BBC BASIC Programmers' Reference

Three (or more) pass assembly

by Richard Russell, September 2021

The x86 CPU has some instructions which have alternative encodings that are different lengths. One of those instructions is 'push constant', which has these two alternative forms when the constant is in the range -128 to +127 (I'll use the value &55 as an example):

  68 55 00 00 00    push &55  ; long form
  6A 55             push &55  ; short form

These instructions have identical effects, but one is 5 bytes and the other 2 bytes. The BBC BASIC assembler (as do most) tries to be 'helpful' by choosing the shorter form, so in this case it will use the '6A 55' encoding. But for this to work reliably the length of the instruction must not change between the first and second pass of the assembler.

If it does (because the value is in the range -128 to +127 on one pass, but not on the other) it will result in what is called a 'phase error'. Here is an example of when just such a situation applies:

DEF PROCassemble
LOCAL P%, pass%, test%
DIM code% 100
FOR pass% = 0 TO 1
  P% = code%
  [OPT pass% * 3
  push test%
  .test% db "Hello"
  ]
NEXT pass%
ENDPROC

If you run this code it produces something like this output:

09A31DB4                                OPT pass% * 3
09A31DB4 68 B6 1D A3 09                 push test%
09A31DB9 48 65 6C 6C 6F       .test%    db "Hello"

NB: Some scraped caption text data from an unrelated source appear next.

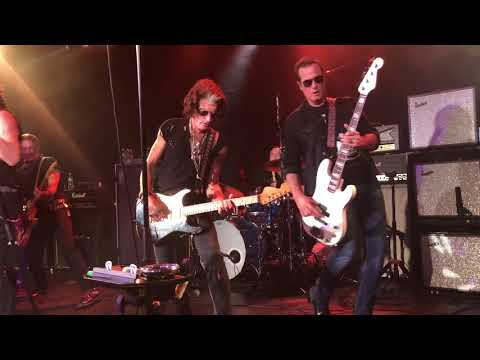 Joe Perry & Friends: Train Kept A Rollin’ (w/Slash and Johnny Depp), Live at The Roxy, Jan-16, 2018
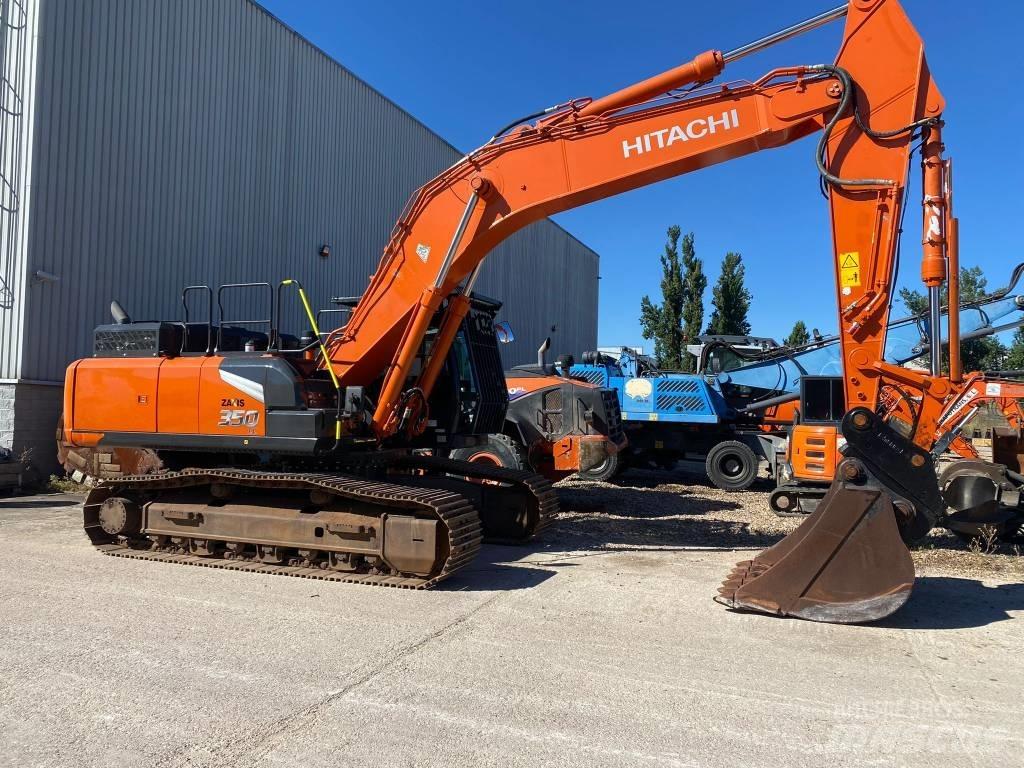 Hitachi ZX 350 LC-6 Koparki gąsienicowe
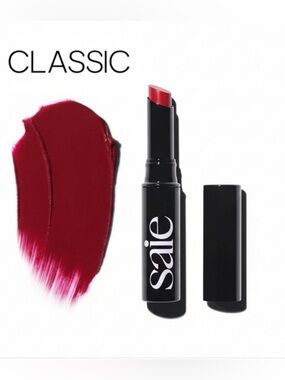 Saie Matte Lip Blur Red Lipstick - CLASSIC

But wait, this is wrong! The address test% is &09A31DB9 but the value pushed in the previous instruction is &09A31DB6. BBC BASIC is broken! I want my money back!

No, it's not broken. On the first pass the value of test% is zero, because it's declared as LOCAL, so the assembler encodes the 'push 0' as 6A 00. But on the second pass the value of test% is no longer in the range -128 to +127 and therefore the assembler uses the long encoding: 68 B6 1D A3 09. The resulting phase error causes the code emitted by the assembler to be invalid.

The way 'real' assemblers deal with this situation is that they run not just two passes but multiple passes, until everything stabilises. In a (rare) situation that it never stabilises, or not after an arbitrary maximum number of passes, they report an unresolvable phase error.

So one way to 'fix' the problem in this specific case is to use more than two passes. It would be possible to use the same kind of technique as 'proper' assemblers do by using a checksum or CRC as a measure of whether the code has 'stabilised' and run multiple passes until it has, but in this simple case running three passes is sufficient:

DEF PROCassemble
LOCAL P%, pass%, test%
DIM code% 100
FOR pass% = 0 TO 2
  P% = code%
  [OPT pass% - (pass% <> 0)
  push test%
  .test% db "Hello"
  ]
NEXT pass%
ENDPROC

Which produces (for example):

09A31DBF                                OPT pass% - (pass% <> 0)
09A31DBF 68 C4 1D A3 09                 push test%
09A31DC4 48 65 6C 6C 6F       .test%    db "Hello"

Note that the OPT value is 0 on the first pass, 2 on the second pass and 3 (to display the listing) on the third pass. If you don't want a listing specify an OPT of 2 on the third pass too:

  [OPT pass% - (pass% = 1)

A simpler solution will often be to change the order in which things are declared to avoid the phase error in the first place, for example:

DEF PROCassemble
LOCAL P%, code%, pass%, test%
DIM code% 100
FOR pass% = 0 TO 1
  P% = code%
  [OPT pass% * 3
  .test% db "Hello"
  .start% push test%
  ]
NEXT pass%
ENDPROC

In fact the original code would have worked correctly had test% not been made LOCAL. Then the variable would have been undefined on the first pass (assuming it's not used elsewhere in the program) and the assembler would have defaulted to using the long form for the push instruction.